Yes, but there's no provision or procedure giving prudential regulators the ability to comment on or provide their insight into how proposed rules will impact safety and soundness concerns.   While it's true that consumer protection and safety and soundness must be considered together, safety and soundness concerns should “trump” consumer protection issues.
No New Fees or Assessments, Fairer Assessments: The CFPB will not charge small banks fees or assessments and the FDIC will change the way it charges banks assessments to reflect the size of companies' liabilities, easing the burden on community banks.  
Advance Warning System: Creates a systemic-risk regime that would rein in the size and scope of too-big-to-fail institutions so they never again have the ability to nearly topple our economic system.  
We understand that's the intent, but does it do this as a matter of fact? Or is it just lip service? “Big” is a relative term, and just because something is “big” doesn't necessarily mean it's “bad”. What's important is who's minding the store and examining/regulating the activities? What's the authority to unwind them? At what point
Ending Too Big to Fail Bailouts:  The FDIC will have full resolution authority for the orderly unwinding of systemically dangerous institutions that fail.  
That's clearly everyone's intent (ending “too-big-to-fail” as a matter of national policy), but is that really what will happen? If so, where does the money come from? Who bears the ultimate loss?
The $50 Billion fund that's suggested won't even come close to solving the problem of a mega-bank failure, so what happens then? There's nothing in this bill that clarifies this concern
The resolution mechanism, while much improved from earlier versions, still does not fully address “too-big-to-fail”. Creation of a before-the-fact resolution fund will be perceived by the market as the creation of a de facto too-big-to-fail insurance fund, thus implicitly supporting “too-big-to-fail”.
Easier Mortgage Disclosure: The Consumer Financial Protection Bureau will create one form that combines the two federal mortgage disclosures currently required, eliminating this burden to small community banks.
Thank goodness – someone finally figured out that all of those “consumer” disclosures didn't make things better; rather, they made real estate closings incomprehensible for most people.
And then there's the problem of preemption and eliminating the accounting language in the House bill. The provisions on preemption are complex and unclear. They will lead to years of litigation before federally-chartered institutions will know what the rules are, and that will impact us at the state level, big-time.
Instead, federal preemption should be maintained.  We have a nationwide financial system and a mobile population.  Requiring federally chartered institutions to understand and comply with potentially hundreds of different state and local laws will raise costs to bank customers, confuse consumers, and inhibit the creation of new products because of potential legal costs.

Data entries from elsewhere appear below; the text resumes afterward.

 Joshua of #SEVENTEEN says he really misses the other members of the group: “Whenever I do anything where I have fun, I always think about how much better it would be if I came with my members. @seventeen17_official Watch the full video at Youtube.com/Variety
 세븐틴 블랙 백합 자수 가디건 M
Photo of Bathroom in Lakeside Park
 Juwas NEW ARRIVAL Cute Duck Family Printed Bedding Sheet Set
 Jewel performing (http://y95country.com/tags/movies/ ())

Finally, the failure to address accounting policy is a critical omission. The fact is, pro-cyclical accounting policies exacerbated the financial crisis.   FASB, itself, basically agreed that its policies were misguided and changed them. It is no coincidence that the dramatic turnaround in the stock market began the very day FASB announced it was changing its policies.

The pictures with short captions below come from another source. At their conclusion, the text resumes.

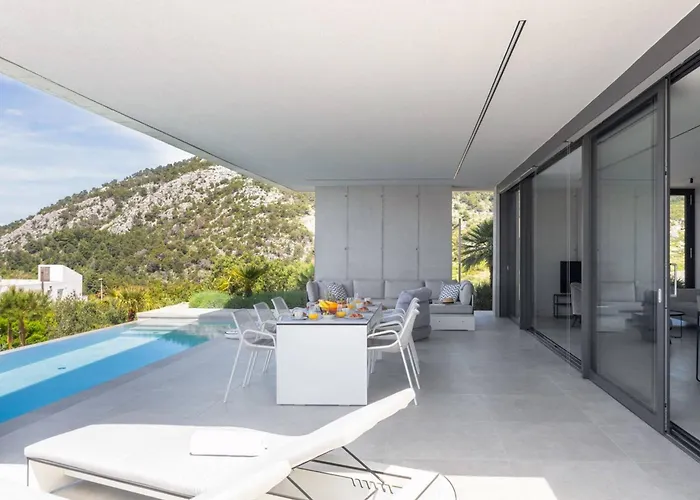Luxury Omnia Hvar With Infinity Pool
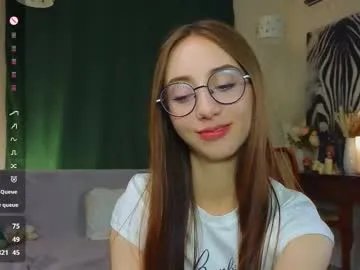 avrillemell on Chaturbate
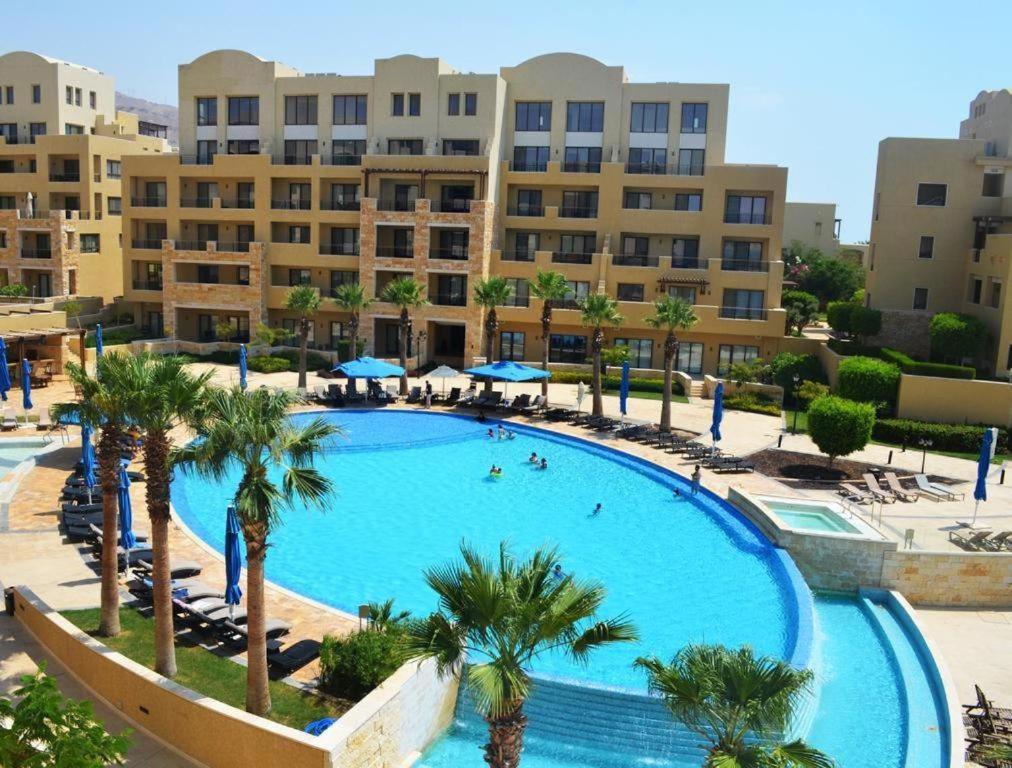 Spacious Apartments With Sea View At Samarah Resort Sweimeh Exteriér fotografie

The last two G-20 reports, supported by the United States, strongly recommended that financial regulators need input into accounting policy, especially in the context of avoiding systemic risks. Yet the bill does nothing to implement the G-20 recommendations. This serious omission can be addressed by specifically empowering the systemic risk council to review accounting policies, while at the same time protecting the independence of the accounting policy process through FASB.